Ces modifications ont notamment été présentées comme nécessaires à cause du changement des habitudes des Canadiens. L’agence explique que la « transition historique de communications utilisant le papier à des échanges numériques » a causé cette baisse dans le volume de lettres envoyées. Un ménage canadien achète en moyenne une ou deux douzaines de timbres par année.
Les représentants du Nouveau Parti Démocratique (NPD) se sont montrés inquiets quant aux besoins particuliers de certains groupes, tels que les personnes âgées, et ont évoqué que tout sera fait pour que la livraison à domicile demeure. Un député du NPD, Robert Aubin, a décrié ces mesures en affirmant « qu’il faut être aveugle pour ne pas voir qu’il y a dans ce gouvernement une arrière-pensée pour une privatisation éventuelle. C’est dans l’idéologie conservatrice. »
Cette diminution de services et hausse de frais ont été appuyées par le gouvernement du Canada. La ministre des transports, Lisa Raitt, a déclaré que « le gouvernement du Canada appuie Postes Canada dans ses efforts pour remplir son mandat d’assurer son autonomie financière afin de protéger les contribuables. »
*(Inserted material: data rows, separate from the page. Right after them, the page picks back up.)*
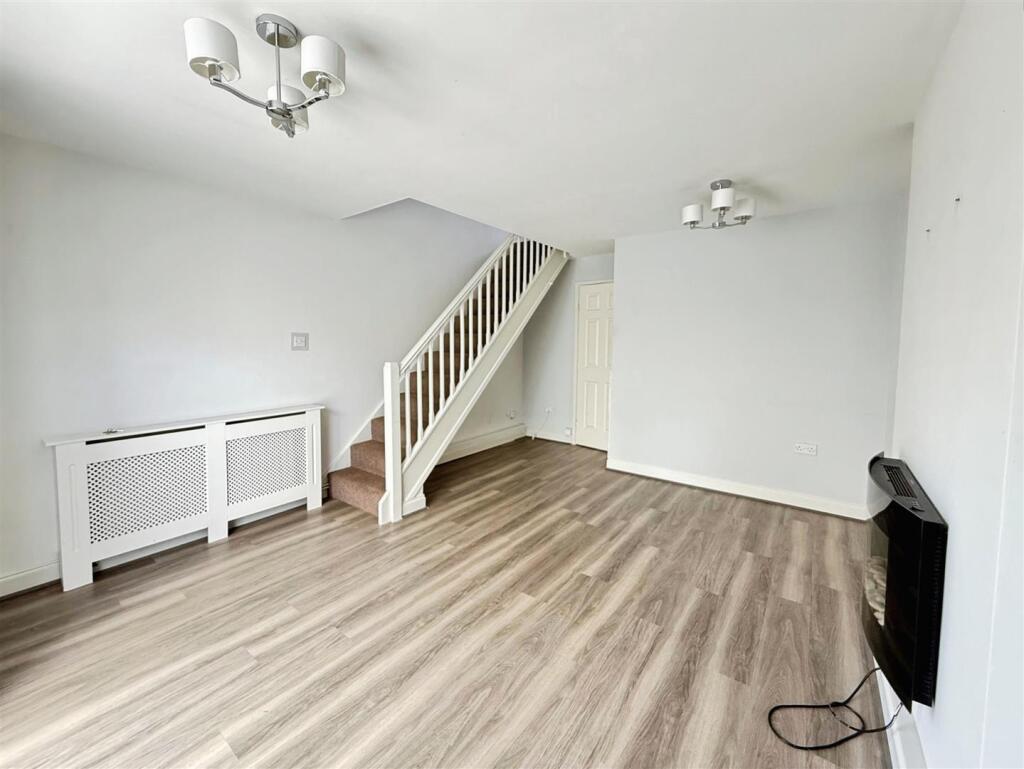 Bushnell Close, Broughton Astley. photo 4
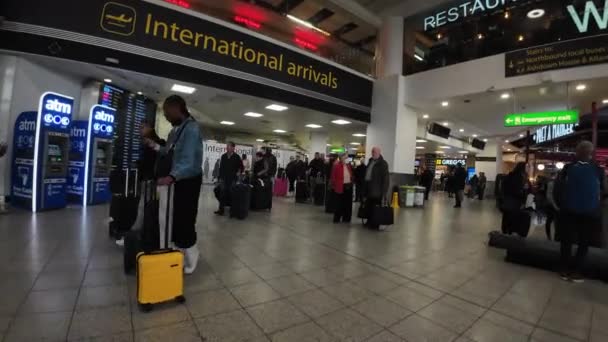 Aeropuerto Gatwick Reino Unido 2024 Punto Vista Los Pasajeros Aéreos — Vídeos de Stock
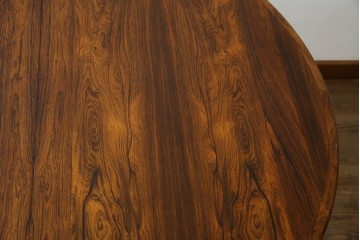 デンマークヴィンテージ　希少　ローズウッド材　Ole Hald(オーレ・ハルド)デザイン　天板のエッジが美しいラウンドダイニングテーブル　(R-086214)
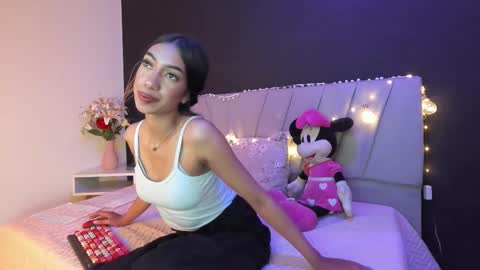 Adhara online show from 03/26/26, 08:25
Le président du syndicat souligne que « tout va être mis en œuvre pour qu’un débat se fasse ». De ces compressions émergent de nouvelles questions, telles que le genre de service public dont veulent les gens. « On veut susciter un large débat public autour du service postal. On commence avec le retour en chambre. On sait qu’on a des rencontres avec les partis de l’opposition et on espère que le relais au niveau de la chambre va être pris en charge par les partis de l’opposition, ce qui va nécessairement se passer. On a aussi une pétition qu’on invite les gens à signer et des lettres à envoyer aux députés. »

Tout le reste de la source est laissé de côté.